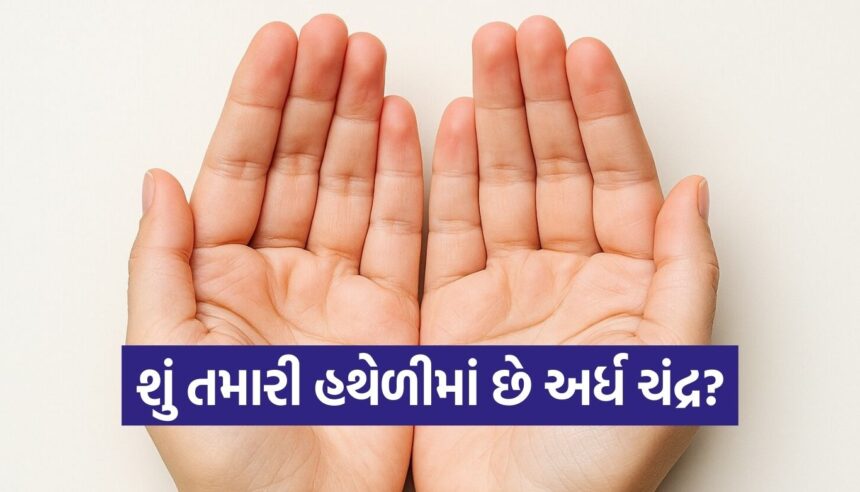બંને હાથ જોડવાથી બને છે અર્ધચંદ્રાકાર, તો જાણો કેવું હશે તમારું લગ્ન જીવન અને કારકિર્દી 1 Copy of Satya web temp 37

□ □ □ □ □ □ □

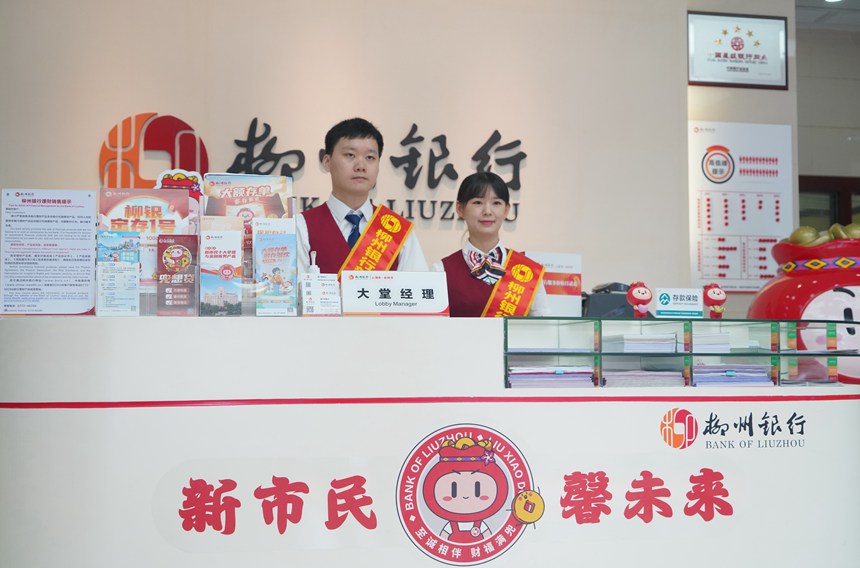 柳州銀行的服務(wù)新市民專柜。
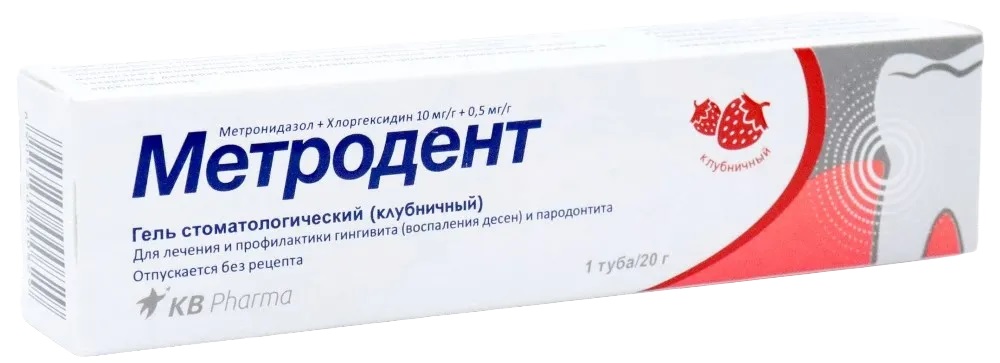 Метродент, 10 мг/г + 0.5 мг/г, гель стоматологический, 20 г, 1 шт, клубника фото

□ □ □ □ □ □ □

Going back to the data above, write out everything from the line with "柳州銀行的服務(wù)新市民專柜。" down to the line with "Метродент, 10 мг/г", both included, leaving every picture out.

### [TASK ANSWER]
 柳州銀行的服務(wù)新市民專柜。
 Метродент, 10 мг/г + 0.5 мг/г, гель стоматологический, 20 г, 1 шт, клубника фото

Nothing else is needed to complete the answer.